Props to Dr. S. I don’t think he knew what child he was giving this job to, or mabe he did!

Birthday Month

20 Oct

So I know I’m supposed to be a grown up, but I still like having a birthday. Maybe it’s because I’m still in my 20’s. I say that to bug all my close friends who recently have stepped into the next decade. You know who you are! Anyways, I love stretching it out for as long as possible.
I started celebrating on Oct. 13th.

This is my birthday club. Mamie, me, Mignon, Nina, and Shelly. We all have birthdays that fall in October, so we decide to celebrated them together. This was our 2nd annual dinner. Went to Max’s, wore makeup and dressed up with no kids. How could we not have fun!

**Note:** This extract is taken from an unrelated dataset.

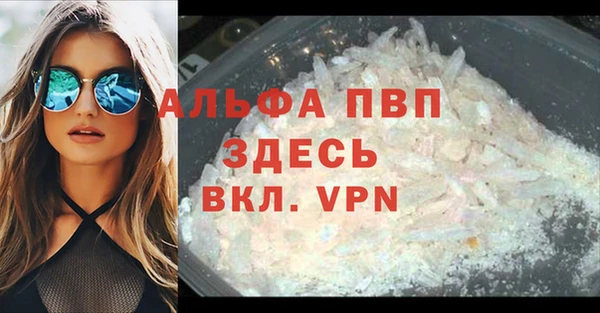 PSILOCYBIN Дмитров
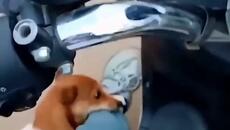 Animals That Will Instantly Cheer You Up 12 - Videoclip.bg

Tonight we went to Cabo Wabo for dinner to celebrate Dave (my brother in law) and my birthday which are a day apart. Very fun restaurant. We shared multiple desserts, since we couldn’t decide and passed them around. Thanks for dinner Mom and Dad! (I am so shocked that both my girls are smiling for the camera!)
More to come on the bday this week. I love it! What do you like doing for your birthday? Or do you even like celebrating it?

I’m Back!!!!!

17 Sep

So I know it’s been weeks since my last post. At first it was just because I was so busy, but then I decided to take a break from giving details of my life away for anyone to read them. I think I’m over that now. I’m back and for the moment at least, over what other people think. Thanks to all who were concerned while I was away! Man I really miss all of you!

what’s been going on:
-we went to Orange County for my great Granny’s 100th bday
-we moved out of our house to my Mom’s on Labor Day
-the girls got bunk beds
-I started a full time job the next week
-Brian went to Boston the same week I started work (how’s that for timing!)
-I had amazing friends helping watch the girls, but their flip flop schedule was unbearable for them
-Then the girls got the flu, puking on the top bunk!
-Meanwhile, Melania was having what I know now is Night Terrors. She wakes up in the middle of the night hysterical and in a panic, except she’s not really awake. Its really freaky! It takes 30 minutes to an hour to wake her up. The Dr. said its triggered from stress.
-Kiara sat in my lap the other night and silently tears stream down her face, as she tells me she feels left out. And wants to know why I don’t have time to play with her anymore.
-The next day I quit.
-So I have 2 days left

I can’t tell you how excited I am to be back with my girls. Life has been rocky and all I want to do is love on them! That’s been my life in a nutshell. What have you been up to?